Farmers need robots. They are called digital farmhands. Persistent, resilient machines that can quickly pick fruits and vegetables are one of the few ways to exploit increasingly small windows of opportunity between weather events.
But it takes a village to keep such complex machinery running.
Professor Salah Sukkarieh, a robotics engineer at the University of Sydney’s Australian Centre for Field Robotics, says agricultural robots won’t be replacing farm labourer’s jobs any time soon, but they will become a necessary tool to harvest as much as possible, as quickly as possible.
Earlier this year, Sukkarieh addressed the United Nations Global Conference on Sustainable Plant Production on the ability of agricultural robots and AI to boost productivity and yields, and improve food security.
But he’s told Cosmos that they will also influence the human economic ecosystem around them.
Farmers are already jacks of all trades, but adding robotics to their CVs might be too much to expect.
This means regional towns and cities will need to adapt.
Just as blacksmiths evolved into motor mechanics, another technological era is unfolding.
But will local businesses fix, adapt and maintain these machines, or will they be bypassed, with the faulty digital farmhands being sent overseas for servicing?
Professor Sukkarieh says there’s currently a struggle between two philosophies.
One calls for autonomous farming machines to be as open-source as possible. This means they will be designed from the ground up to use commonly available components, sensors, computer processors and software.
“So the open source camp basically says that people like your local mechanic and the local software guy should be able to deal with the systems,” says Sukkarieh.
“You must design the robot from the ground up to make this work. You’d be using whatever you can find in regional areas, anything from standard motors, chains, sensors – anything you can buy off the shelf.”
The other model is a closed intellectual property loop like smartphones and tablets.
“This camp believes that the only way these machines will be economically viable is to retain control over the technology and software, to interact with the farmer directly by leasing the equipment and offering a service contract.”
Sukkarieh says he expects the two movements will likely converge.
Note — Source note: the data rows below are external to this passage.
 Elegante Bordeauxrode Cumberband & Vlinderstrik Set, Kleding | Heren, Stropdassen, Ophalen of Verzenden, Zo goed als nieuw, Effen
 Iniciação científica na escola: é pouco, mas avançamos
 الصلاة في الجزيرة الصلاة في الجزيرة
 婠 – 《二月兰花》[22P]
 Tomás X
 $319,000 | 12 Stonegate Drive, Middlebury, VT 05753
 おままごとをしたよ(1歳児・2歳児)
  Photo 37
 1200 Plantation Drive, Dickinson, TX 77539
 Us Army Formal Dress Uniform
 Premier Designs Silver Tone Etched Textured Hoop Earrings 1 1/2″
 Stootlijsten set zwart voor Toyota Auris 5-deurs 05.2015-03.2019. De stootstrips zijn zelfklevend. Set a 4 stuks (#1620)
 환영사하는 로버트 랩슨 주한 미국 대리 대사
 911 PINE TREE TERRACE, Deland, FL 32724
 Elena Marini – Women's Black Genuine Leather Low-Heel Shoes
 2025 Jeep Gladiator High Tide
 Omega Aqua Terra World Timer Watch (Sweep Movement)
And that’s because of the broad variety of technology and artificial intelligence needed to tackle farming roles.
All robots have basic drive components, such as electric engines, power packs and wheels. These will always need mechanics to service them.
Professor Sukkarieh’s University of Sydney Institute of Agriculture team has developed a low-cost, autonomous multipurpose robot to assist on smaller farms. Called Digital Farmhand, it’s essentially an intelligent electric tractor.
“Digital Farmhand is a small, autonomous electric tractor-like vehicle that can tow a variety of implements such as seeders, weeders and bed preparation tools, and can undertake precision automation of many labour-intensive farm tasks, like weeding, spraying and seeding,” he says.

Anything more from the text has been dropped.